Setting Bloodshot apart from other comics movies is of huge importance to its filmmakers, both in terms of story and tone. That the stories taking place within the pages of Valiant comics are rooted in reality has greatly impacted the way in which the Bloodshot movie's creators have approached its actual filmmaking. It goes back to Bloodshot's science roots. Director Dave Wilson told Inverse in 2019 that he consulted with the California NanoSystems Institute team at UCLA prior to shooting, in order to get a better handle on the technology that's being depicted in the film. "We're a few years out from doing what we do [in the movie], the concept of having microscopic, robotic organisms in your bodies that can deliver medicine," he said. "That is not far away. We use that as a base and take a giant leap. But even the labs and how we built them, I wanted the Tesla factory version and not Tony Stark's lab of holograms."

This non-comics philosophy extends to Bloodshot's visual style as well. Dinesh Shamdasani told Inverse that while Marvel and DC attempt to recreate "commercial comic books" on the screen, the inspiration for those working to bring Bloodshot to life is far grittier.

That Harbinger crossover may never happen

Valiant hasn't just set itself apart from Marvel and DC in terms of its more realistic storylines. According to Dinesh Shamdasani, it's a comics company that was actually built to exist within a shared universe. Essentially, Valiant has approached every single one of its individual characters as though they're all part of the same larger story. Bloodshot was supposed to be the first film in Valiant's shared cinematic universe, with Harbinger coming in as its second. That may not be the case now.

The Hollywood Reporter announced in September 2019 that Paramount had picked up the rights to the planned Harbinger movie, taking it away from Sony and quite possibly the entire VCU. For Shamdasani, the Paramount deal was a huge blow. "We've heard it's at Paramount, and I think that it pretty much makes it unlikely that there will be a shared universe, but there's plenty of characters in the Bloodshot mythology," he told The Beat. "If we're lucky enough to get to do this again..."

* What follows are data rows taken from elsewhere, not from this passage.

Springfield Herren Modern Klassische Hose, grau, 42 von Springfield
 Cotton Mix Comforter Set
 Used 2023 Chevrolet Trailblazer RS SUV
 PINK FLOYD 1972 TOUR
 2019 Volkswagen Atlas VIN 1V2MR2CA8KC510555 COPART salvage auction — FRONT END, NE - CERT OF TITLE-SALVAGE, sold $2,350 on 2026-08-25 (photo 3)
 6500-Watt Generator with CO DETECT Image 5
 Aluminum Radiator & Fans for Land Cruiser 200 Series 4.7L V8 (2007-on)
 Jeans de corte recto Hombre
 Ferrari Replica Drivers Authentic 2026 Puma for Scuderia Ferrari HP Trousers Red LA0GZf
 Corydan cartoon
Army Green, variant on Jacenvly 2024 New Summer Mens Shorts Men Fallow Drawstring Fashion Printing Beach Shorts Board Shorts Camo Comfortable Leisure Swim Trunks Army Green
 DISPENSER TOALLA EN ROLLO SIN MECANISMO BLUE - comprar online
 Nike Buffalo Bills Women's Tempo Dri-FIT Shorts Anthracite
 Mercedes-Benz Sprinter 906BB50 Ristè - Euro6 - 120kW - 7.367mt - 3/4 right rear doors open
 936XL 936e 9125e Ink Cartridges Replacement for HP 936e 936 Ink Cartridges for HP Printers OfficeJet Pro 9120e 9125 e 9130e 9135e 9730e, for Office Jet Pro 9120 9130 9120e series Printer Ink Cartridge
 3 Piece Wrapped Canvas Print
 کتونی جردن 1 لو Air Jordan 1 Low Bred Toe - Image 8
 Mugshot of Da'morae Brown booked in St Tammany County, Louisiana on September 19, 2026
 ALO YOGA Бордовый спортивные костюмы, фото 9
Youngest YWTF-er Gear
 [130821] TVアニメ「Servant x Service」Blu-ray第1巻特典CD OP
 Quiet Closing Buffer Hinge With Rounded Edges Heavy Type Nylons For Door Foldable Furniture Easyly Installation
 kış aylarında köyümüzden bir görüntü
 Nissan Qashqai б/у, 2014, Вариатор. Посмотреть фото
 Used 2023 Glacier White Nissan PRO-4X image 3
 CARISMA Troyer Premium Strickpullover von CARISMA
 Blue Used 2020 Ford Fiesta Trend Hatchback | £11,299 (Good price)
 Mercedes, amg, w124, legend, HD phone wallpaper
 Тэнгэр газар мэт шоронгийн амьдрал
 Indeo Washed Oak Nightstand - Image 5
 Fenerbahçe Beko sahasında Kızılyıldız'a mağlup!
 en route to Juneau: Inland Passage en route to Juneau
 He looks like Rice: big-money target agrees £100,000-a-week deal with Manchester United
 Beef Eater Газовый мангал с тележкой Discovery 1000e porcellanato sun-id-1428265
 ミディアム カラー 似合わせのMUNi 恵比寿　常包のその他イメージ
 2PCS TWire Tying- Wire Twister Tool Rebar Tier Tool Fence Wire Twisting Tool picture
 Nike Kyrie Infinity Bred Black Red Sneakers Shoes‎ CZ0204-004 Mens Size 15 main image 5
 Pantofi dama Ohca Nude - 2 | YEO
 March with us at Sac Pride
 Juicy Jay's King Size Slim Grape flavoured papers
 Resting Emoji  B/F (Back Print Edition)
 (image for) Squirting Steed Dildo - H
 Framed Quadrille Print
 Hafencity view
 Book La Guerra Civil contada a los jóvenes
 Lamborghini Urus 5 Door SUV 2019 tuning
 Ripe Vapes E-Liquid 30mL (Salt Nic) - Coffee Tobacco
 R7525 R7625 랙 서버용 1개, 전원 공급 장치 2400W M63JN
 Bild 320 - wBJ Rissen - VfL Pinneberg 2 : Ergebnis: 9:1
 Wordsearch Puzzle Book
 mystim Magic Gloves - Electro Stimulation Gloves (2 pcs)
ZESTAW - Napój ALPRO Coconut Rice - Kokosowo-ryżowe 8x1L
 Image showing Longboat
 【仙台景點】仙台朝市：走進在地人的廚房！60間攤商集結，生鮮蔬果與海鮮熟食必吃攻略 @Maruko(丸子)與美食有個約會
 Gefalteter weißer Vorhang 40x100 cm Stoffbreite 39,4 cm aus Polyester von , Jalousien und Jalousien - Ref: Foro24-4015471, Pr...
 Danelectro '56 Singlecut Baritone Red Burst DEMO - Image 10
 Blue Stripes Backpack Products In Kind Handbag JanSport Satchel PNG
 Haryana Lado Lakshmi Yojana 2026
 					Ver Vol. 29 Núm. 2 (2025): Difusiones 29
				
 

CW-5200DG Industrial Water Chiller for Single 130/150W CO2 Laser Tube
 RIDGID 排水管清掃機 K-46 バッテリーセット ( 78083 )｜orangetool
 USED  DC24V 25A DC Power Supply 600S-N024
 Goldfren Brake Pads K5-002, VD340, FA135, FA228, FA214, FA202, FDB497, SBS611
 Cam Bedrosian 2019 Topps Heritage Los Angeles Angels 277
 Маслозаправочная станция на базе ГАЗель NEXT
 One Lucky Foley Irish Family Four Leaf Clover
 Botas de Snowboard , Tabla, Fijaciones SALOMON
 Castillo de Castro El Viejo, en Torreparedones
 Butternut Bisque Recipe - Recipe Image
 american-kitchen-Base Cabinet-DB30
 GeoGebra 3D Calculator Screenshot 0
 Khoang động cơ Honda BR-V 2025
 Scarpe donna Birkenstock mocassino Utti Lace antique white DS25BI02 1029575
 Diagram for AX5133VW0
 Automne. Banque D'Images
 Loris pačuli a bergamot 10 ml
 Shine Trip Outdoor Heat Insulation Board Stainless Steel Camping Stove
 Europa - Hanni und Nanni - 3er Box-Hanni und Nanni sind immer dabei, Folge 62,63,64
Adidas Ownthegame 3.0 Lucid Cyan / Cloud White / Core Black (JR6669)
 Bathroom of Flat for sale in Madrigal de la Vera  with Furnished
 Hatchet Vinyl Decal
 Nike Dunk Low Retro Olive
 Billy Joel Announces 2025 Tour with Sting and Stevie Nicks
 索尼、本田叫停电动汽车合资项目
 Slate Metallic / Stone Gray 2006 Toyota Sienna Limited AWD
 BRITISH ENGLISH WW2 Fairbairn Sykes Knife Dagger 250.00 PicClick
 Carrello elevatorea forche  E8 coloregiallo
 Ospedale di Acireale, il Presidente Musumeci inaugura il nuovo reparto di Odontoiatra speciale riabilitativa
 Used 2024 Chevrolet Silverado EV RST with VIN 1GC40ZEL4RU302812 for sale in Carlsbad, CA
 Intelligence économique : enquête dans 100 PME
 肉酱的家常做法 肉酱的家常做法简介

Don't read too much into that first Bloodshot trailer

When Sony released the first trailer for Bloodshot in October, many took issue. Their biggest gripes? Giving away the film in two and half minutes, along with the fact that even those with only a passing familiarity of the comic could tell that Vin Diesel's version of the government-run assassin looks a little... off. 

Dave Wilson has made it clear that he's all for the cut Sony released, specifically because it didn't rely on basic action scenes. "There was a very dangerous trailer, which would be simplistic and lean into all the action tropes that come with it being a Vin Diesel film," he told The Beat. "They did not go down that road, which is wonderful." And rest assured, the trailer has not given everything away. Hunter Gorinson, VP of Brand and Content Strategy for Bloodshot's production company, Hivemind, told Nerdist that Bloodshot's most memorable scene will, in fact, make it to the film. "The first panel [of Rai #0] — and in Valiant lore it's a very famous page — is Bloodshot getting his injector chest thing where it's shown that's the reason he has a spot," he explained. "That's in the movie."

So there's a good chance we'll be seeing Bloodshot in all his white and red glory come February 2020. If we're to believe Bloodshot's filmmakers, this trailer was cut to give only part of the story away, but there's plenty more to explore.